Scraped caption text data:
===

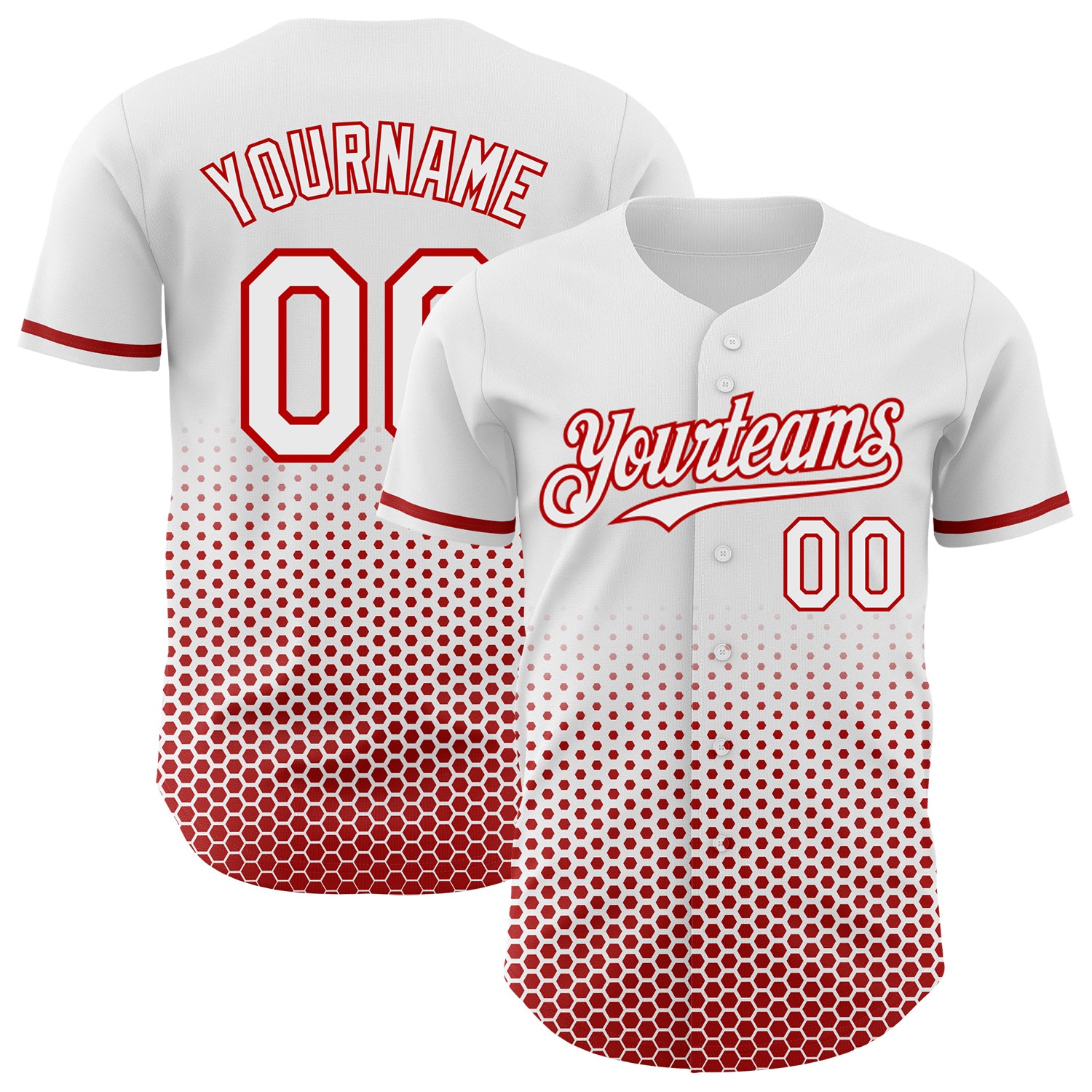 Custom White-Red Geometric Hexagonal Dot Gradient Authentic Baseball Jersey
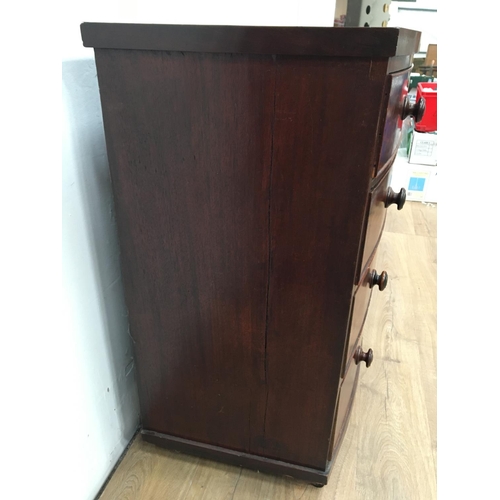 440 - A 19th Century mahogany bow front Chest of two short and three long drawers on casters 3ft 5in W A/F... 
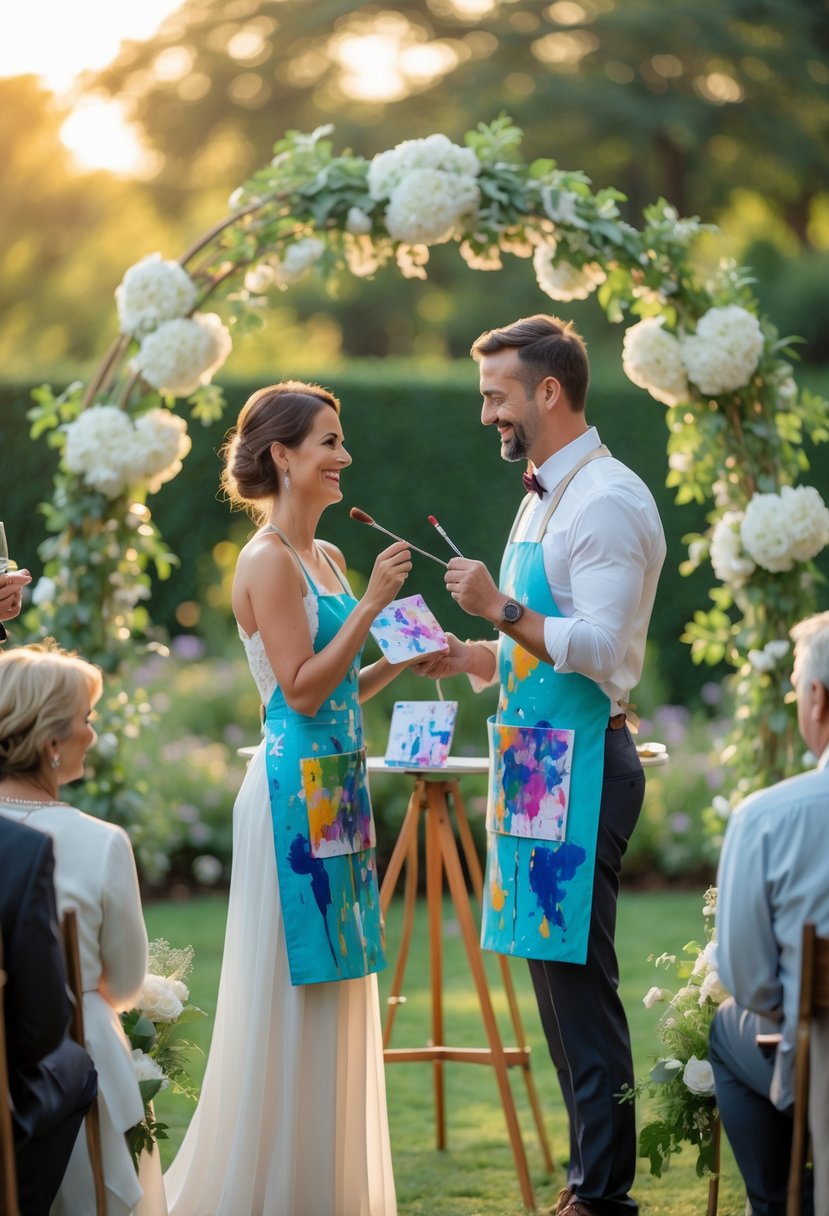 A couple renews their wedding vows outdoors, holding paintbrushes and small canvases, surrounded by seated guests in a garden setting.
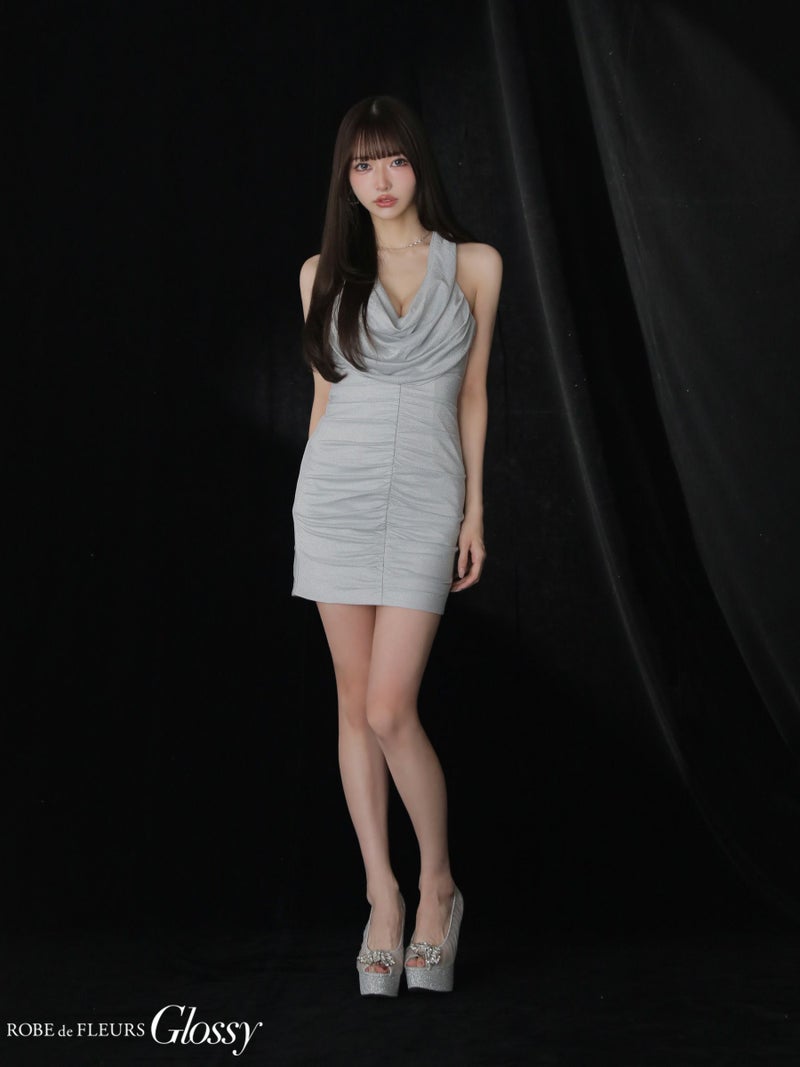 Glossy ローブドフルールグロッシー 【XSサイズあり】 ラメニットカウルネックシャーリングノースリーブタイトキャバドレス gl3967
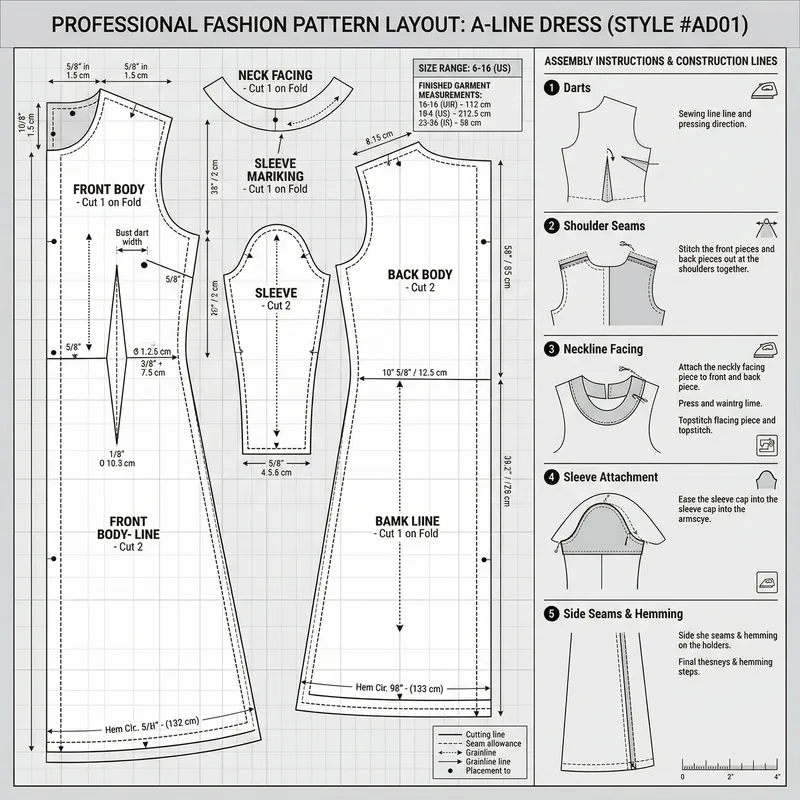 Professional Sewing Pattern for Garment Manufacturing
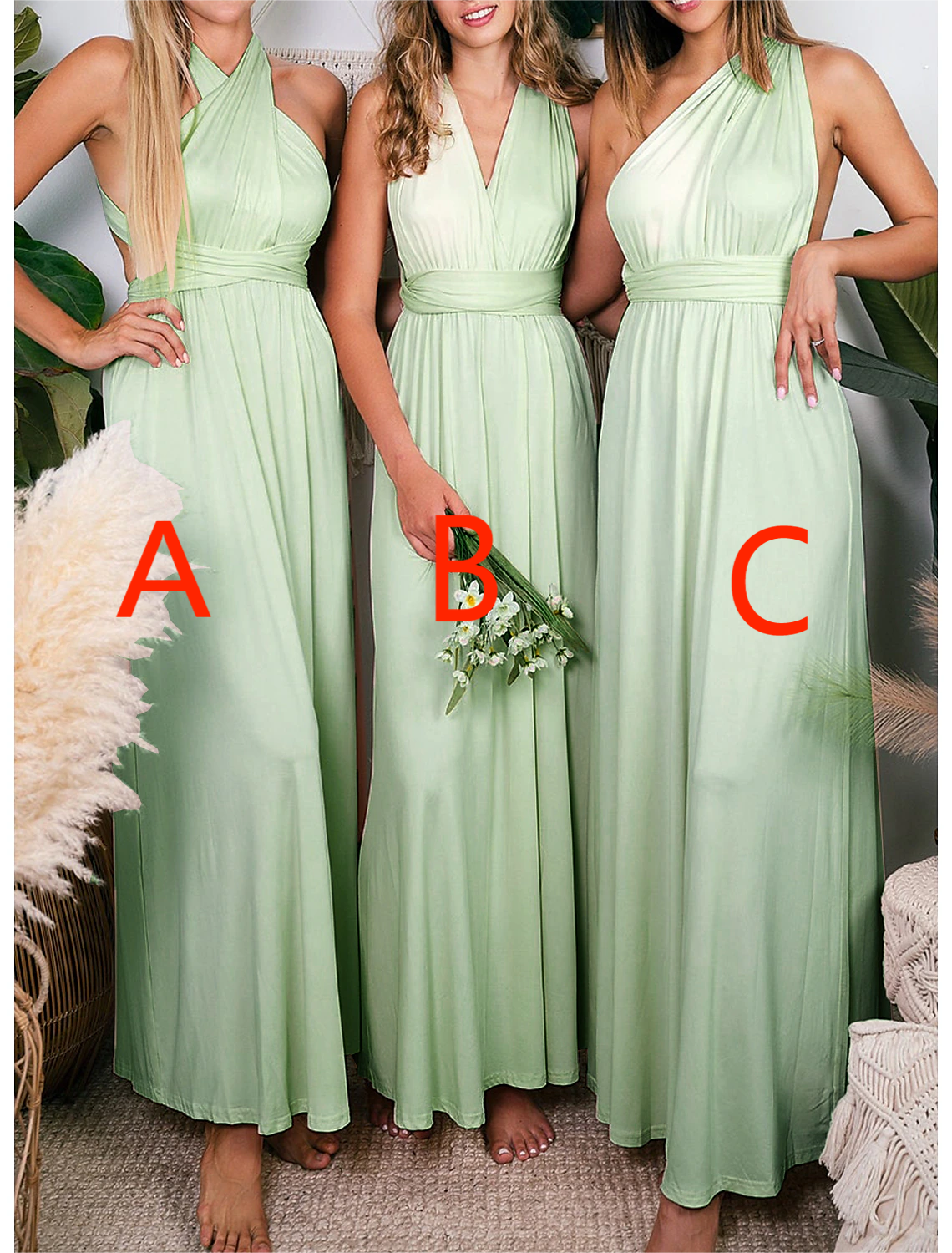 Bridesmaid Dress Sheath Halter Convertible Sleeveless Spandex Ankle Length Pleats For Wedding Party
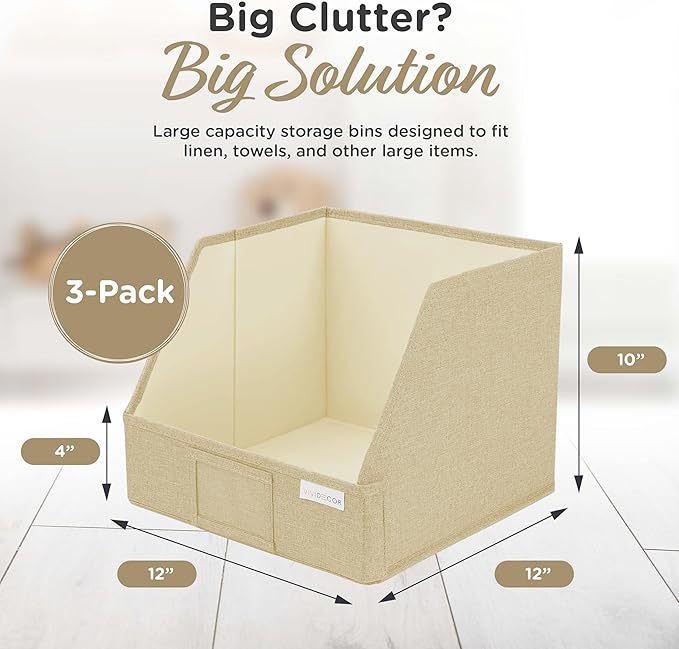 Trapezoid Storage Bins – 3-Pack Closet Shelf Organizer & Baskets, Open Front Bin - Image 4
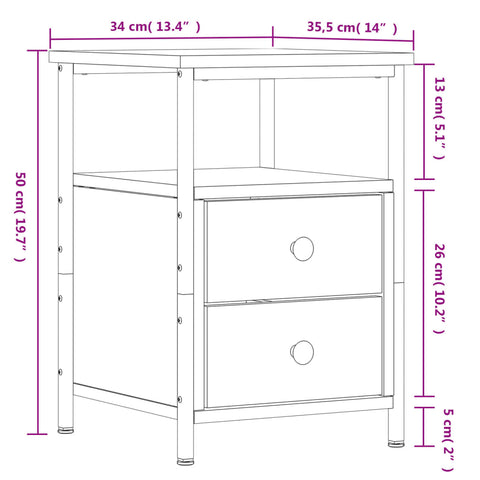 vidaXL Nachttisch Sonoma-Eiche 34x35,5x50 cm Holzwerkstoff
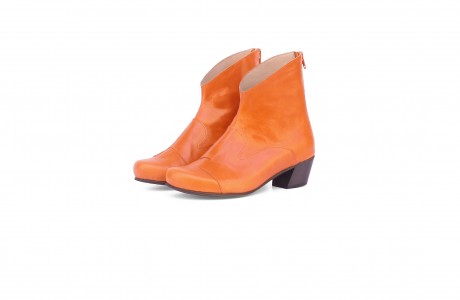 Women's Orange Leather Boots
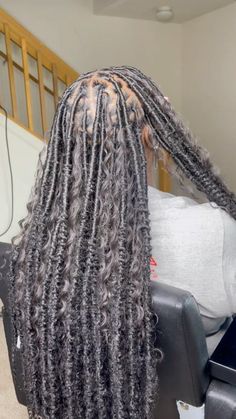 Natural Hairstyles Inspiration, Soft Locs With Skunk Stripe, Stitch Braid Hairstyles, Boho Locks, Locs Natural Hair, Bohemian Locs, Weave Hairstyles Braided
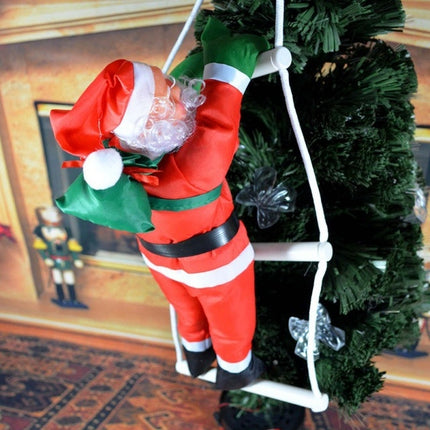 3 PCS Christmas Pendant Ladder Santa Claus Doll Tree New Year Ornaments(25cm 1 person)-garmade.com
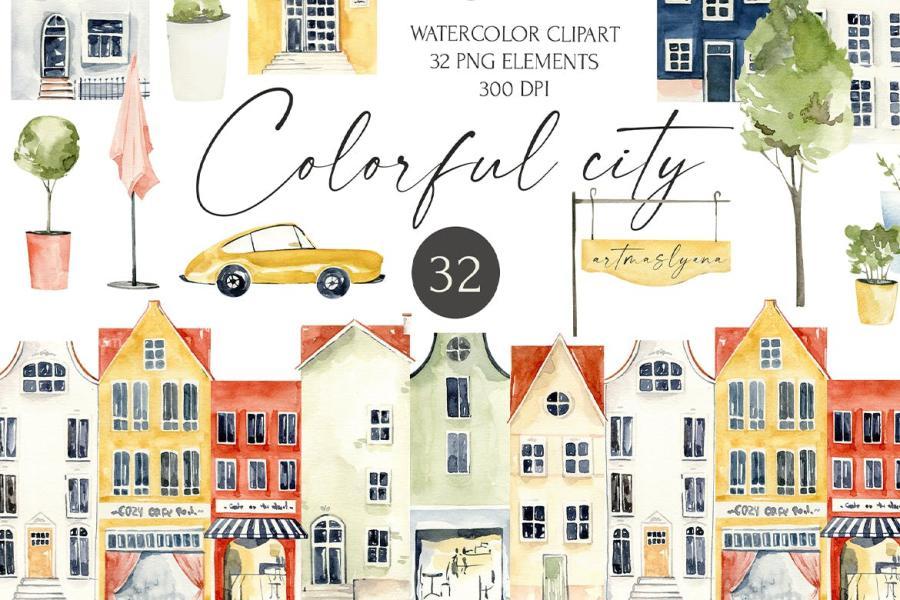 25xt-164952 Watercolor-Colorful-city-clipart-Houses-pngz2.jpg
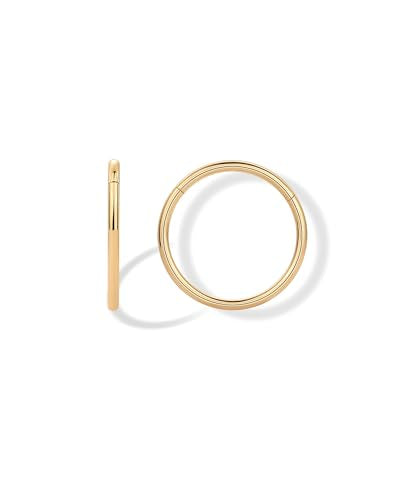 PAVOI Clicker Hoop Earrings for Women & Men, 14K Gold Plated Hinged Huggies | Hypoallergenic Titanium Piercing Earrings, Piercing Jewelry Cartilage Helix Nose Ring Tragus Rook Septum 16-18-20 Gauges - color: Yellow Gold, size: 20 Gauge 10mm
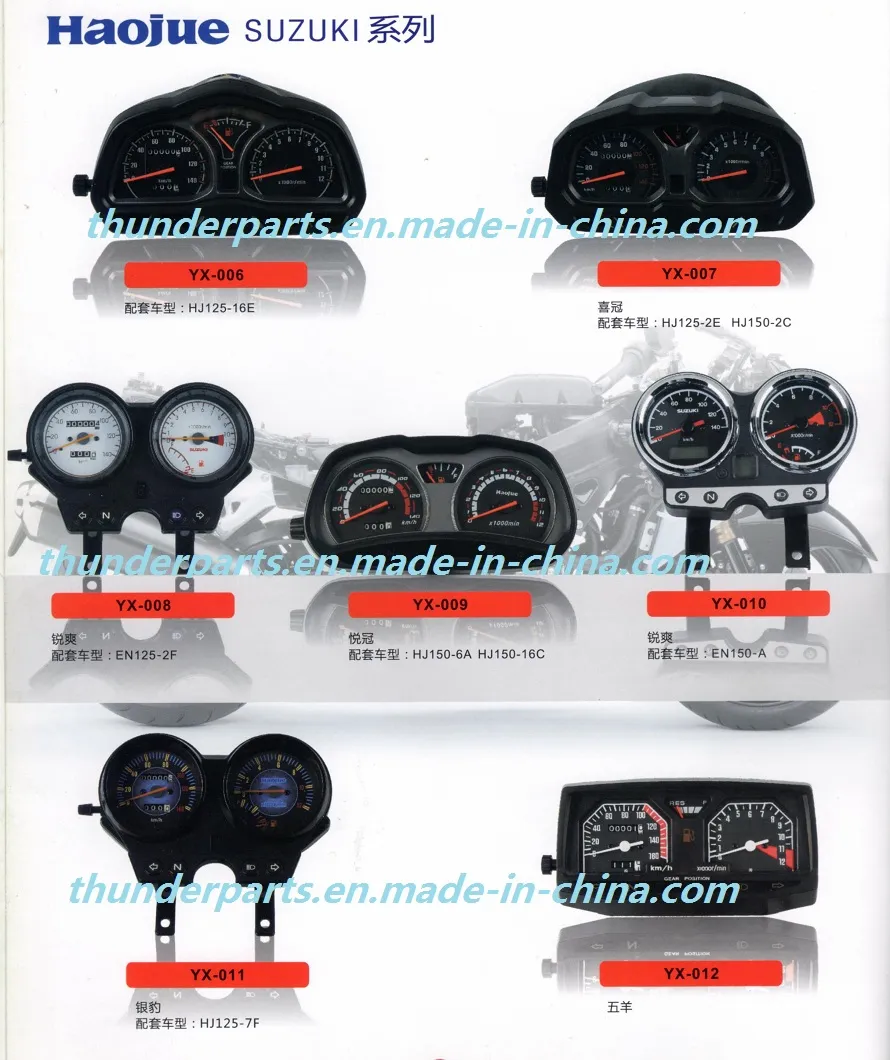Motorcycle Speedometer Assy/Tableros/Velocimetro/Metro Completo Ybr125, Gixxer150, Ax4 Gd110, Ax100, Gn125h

===

ASSIGNMENT :: Of the records above, print only the lines from the one containing "Trapezoid Storage Bins" through the one containing "Natural Hairstyles Inspiration, Soft", inclusive and unaltered, leaving out pictures.

ANSWER TO THE EXERCISE ::
 Trapezoid Storage Bins – 3-Pack Closet Shelf Organizer & Baskets, Open Front Bin - Image 4
 vidaXL Nachttisch Sonoma-Eiche 34x35,5x50 cm Holzwerkstoff
 Women's Orange Leather Boots
 Natural Hairstyles Inspiration, Soft Locs With Skunk Stripe, Stitch Braid Hairstyles, Boho Locks, Locs Natural Hair, Bohemian Locs, Weave Hairstyles Braided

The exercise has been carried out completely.